O feminismo que vem de berço

O feminismo que vem de berço

Cândida Cristina Coelho Ferreira Magalhães*

02 Dezembro 2018 | 05h00

Cândida Cristina Coelho F. Magalhães. FOTO: DIVULGAÇÃO

Fazer ninar uma filha é exterminar o vespeiro do machismo enquanto ela dorme, porque ao acordar sentirá a essência de ser menina mulher no mundo de igualdade, segurança e liberdade. Seria isso uma utopia materna feminista?

Indubitavelmente, os fatos e estatísticas demonstram que ser mulher é viver em riscos constantes, um estado de guerra ao qual nos sentimos ameaçadas a todo tempo, somos consideradas objetos e assediadas, violentadas e violadas até nas garantias mínimas e, inclusive, mortas pela condição do nosso gênero. Definitivamente, ser mulher dá um frio na alma e um medo valente de transpor tudo que nos aprisiona.
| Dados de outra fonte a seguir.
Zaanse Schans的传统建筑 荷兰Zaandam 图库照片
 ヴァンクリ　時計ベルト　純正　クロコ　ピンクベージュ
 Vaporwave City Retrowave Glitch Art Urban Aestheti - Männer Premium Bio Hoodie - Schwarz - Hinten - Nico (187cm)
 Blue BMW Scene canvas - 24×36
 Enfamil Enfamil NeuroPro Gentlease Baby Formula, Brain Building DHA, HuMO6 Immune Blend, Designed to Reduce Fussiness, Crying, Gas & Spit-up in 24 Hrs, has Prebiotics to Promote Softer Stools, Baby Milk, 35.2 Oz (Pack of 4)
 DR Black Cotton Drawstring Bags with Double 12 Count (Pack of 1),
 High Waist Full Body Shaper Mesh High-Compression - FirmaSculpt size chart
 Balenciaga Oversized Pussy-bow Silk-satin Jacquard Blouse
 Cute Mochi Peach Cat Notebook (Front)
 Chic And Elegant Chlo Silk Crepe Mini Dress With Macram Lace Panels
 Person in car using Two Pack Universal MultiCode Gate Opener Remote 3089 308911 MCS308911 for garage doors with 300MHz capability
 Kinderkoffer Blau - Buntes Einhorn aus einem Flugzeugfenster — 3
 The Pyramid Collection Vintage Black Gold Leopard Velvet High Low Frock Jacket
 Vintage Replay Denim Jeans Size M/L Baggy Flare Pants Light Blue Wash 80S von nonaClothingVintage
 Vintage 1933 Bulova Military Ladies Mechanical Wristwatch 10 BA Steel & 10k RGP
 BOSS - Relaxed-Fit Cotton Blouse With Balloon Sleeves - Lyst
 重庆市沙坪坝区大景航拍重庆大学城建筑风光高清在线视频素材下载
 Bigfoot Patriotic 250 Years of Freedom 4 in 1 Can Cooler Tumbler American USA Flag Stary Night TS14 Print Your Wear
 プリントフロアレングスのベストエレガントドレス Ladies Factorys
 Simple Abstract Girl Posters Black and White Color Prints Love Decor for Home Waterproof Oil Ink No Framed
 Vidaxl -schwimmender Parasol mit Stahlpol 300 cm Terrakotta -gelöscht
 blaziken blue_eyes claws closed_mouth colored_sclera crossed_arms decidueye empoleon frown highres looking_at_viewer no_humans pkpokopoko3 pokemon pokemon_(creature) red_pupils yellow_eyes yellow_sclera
No cenário brasileiro de violência contra as mulheres, os números denunciam um país que negligência o elementar, pois somos o 5.º em mortes de mulheres em todo mundo. A cada 11 minutos uma mulher é estuprada, e 3 em cada 5 mulheres jovens já sofreram violência no Brasil. Diante dos números postos, restam as escolhas: omissão ou resistência. Entretanto, resistir é a única opção que nos manterá vivas.

A realidade das mulheres não é canção com refrão de “mimimi”, nossa independência ainda é carregada de intimidações, andar sozinha em uma rua escura ainda acelera o coração, competência tem requisitos de aparência física, um manual social nasce conosco e determina como nos vestir, portar e agir, o psiu é um “elogio”, culpa e posse são marcas carimbadas nos papéis femininos.

Na colcha de retalhos, no álbum de fotografias e na visita ao passado identificamos que a discriminação contra as mulheres é uma das mais antigas estabelecidas na humanidade, o sistema patriarcal consolidou-se sob a égide da ideologia de subordinação da mulher em relação aos homens e à própria vida. Nascer mulher já foi um sinal de fraqueza em muitas famílias, assim como moeda de troca e servidão.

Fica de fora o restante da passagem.